Surfing on the internet, sending emails, watching a Netflix movie… All of these activities have become everyday habits for a large part of the world’s population. Nevertheless, just like most human activities, they come at an environmental cost. All of our online actions require data centers, which have two main hurdles: they require a lot of electricity both to use and to be cooled down, as they can heat rapidly when functioning.
Today, data centers account for about 1 percent of global electricity use, according to the International Energy Agency (IEA), and the figure is set to double every five years as a growing number of people access the Internet.
The problem is both the amount of energy used for data centers, as well as from the amount of wasted heat coming from this infrastructure.
Qarnot Computing, a French cleantech company, has developed the QH-1, the first computing heater, which means it combines an electrical heater and a high-performance computing server.
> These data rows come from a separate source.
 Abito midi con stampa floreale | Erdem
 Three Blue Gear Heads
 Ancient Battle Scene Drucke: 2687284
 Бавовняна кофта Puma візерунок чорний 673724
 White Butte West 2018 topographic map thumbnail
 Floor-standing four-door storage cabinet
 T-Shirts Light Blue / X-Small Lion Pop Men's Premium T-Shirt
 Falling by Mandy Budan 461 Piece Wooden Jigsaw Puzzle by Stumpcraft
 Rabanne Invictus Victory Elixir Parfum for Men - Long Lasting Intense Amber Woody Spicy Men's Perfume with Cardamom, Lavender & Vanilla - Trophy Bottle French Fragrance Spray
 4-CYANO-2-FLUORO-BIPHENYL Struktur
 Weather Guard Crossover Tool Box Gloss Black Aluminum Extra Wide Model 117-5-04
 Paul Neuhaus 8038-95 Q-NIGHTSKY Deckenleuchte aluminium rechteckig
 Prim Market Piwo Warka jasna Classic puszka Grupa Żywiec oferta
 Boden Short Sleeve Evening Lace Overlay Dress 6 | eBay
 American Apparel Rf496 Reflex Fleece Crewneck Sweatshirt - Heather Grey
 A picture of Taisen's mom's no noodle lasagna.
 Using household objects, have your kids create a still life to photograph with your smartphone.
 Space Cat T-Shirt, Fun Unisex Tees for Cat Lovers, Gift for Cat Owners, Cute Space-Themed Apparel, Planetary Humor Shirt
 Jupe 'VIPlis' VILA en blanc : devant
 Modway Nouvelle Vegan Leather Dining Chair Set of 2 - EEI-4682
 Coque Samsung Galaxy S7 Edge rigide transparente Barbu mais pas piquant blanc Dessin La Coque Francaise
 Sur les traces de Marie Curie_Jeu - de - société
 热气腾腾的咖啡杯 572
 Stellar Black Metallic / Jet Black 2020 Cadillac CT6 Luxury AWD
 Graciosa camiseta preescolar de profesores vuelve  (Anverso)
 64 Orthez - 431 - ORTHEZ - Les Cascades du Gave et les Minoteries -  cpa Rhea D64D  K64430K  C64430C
QH-1 takes advantage of the heat coming from task processing and uses it as a heat source to warm rooms.
This presents several advantages, both economical and environmental:
For large companies, Qarnot offers an opportunity to use a green IT infrastructure, thus lowering the carbon impact of their energy-hungry computations.
For end-users, this solution means free heating while making their homes much smarter as the QH-1 offers Wi-Fi, an auto-scheduled heating mode, remote control, voice command, air quality monitoring, fire alarm detection, presence and intrusion detection.
And for the environment, it combines savings in energy used for data centers, as well energy used to heat homes. This technology is estimated to reduce by 75% the carbon footprint of computations.
1000 QH-1s have been installed all over France since 2014. They provide heating for social housing units and building offices for free while computing remotely for major banks, 3D animation studios and research labs.
According to Qarnot Computing, “if only 10% of computations performed in data centres were performed on QH-1 heaters and boilers, 26M tons of CO2 would be saved annually”.